La Chine : terre d'opportunités

Quelques clés pour faire des affaires en Chine

Que ce soit pour démarcher de nouveaux clients ou trouver un fournisseur ou un distributeur, de nombreux entrepreneurs français ont besoin d’entrer en contact avec des professionnels chinois. Attention ! Tenir compte des différences culturelles ne suffit pas pour réussir...

Margaux Lenne

Les consommateurs chinois sont non seulement nombreux mais en plus, leur pouvoir d’achat ne cesse de progresser. De quoi attirer de nombreuses sociétés étrangères sur place. Mais ce marché lointain et fragmenté exige une préparation et des méthodes bien différentes de celles qui ont cours en Europe. « La Chine est un marché complexe et le pénétrer prend du temps », relève d'emblée Margaux Lenne, la correspondante de Bpifrance en Chine, qui y accompagne des PME et des ETI. Elle a identifié trois éléments clés pour réussir : la propriété intellectuelle, une connaissance approfondie du marché et la sécurisation des paiements.

Propriété intellectuelle

« Une entreprise française doit protéger ce qui fait la valeur de son business avant d’arriver en Chine. Les brevets sont à déposer en France mais aussi en Chine, en caractère latins et en mandarin, y compris les logos et les noms de domaine », conseille-t-elle. Avant de prévenir : « Il faut réfléchir ce que l’on veut divulguer comme information avant un rendez-vous avec un partenaire potentiel. Les Chinois sont souvent dans la retenue, mais très bons pour faire parler les autres. » Prudence donc, sur une présentation qui en dévoilerait trop sur le savoir-faire ou la technologie de la société...
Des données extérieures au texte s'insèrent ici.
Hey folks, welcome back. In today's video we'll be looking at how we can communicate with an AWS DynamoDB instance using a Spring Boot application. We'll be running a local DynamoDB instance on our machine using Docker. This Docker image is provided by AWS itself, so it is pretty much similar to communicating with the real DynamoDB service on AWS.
Se préparer en jouant la carte du collectif

collectif
La Chine étant un territoire très grand, et pluriel, mieux vaut avoir étudié précisément les spécificités des différentes régions avant de se lancer. « Il faudra venir souvent sur le terrain, et ne pas hésiter à rencontrer la concurrence locale et les entrepreneurs français déjà implantés sur place », reprend Margaux Lenne. Cette phase d’étude approfondie permettra de choisir les régions chinoises les plus propices et, le cas échéant, de déterminer les adaptations à apporter au produit ou au service que l’on veut y commercialiser. « Il est tout à fait important de ne pas 'copier/coller' une stratégie d’export pensée pour un autre pays que celui-ci, sinon, c'est l'échec assuré », estime la jeune femme, qui travaille en Chine depuis deux ans et rencontre parfois des sociétés mal préparées...
« Les Français ne jouent pas assez la carte du collectif à l’export », regrette enfin la correspondante de Bpifrance, alors que rencontrer d’autres sociétés déjà présentes ou souhaitant le faire peut s'avérer très utile.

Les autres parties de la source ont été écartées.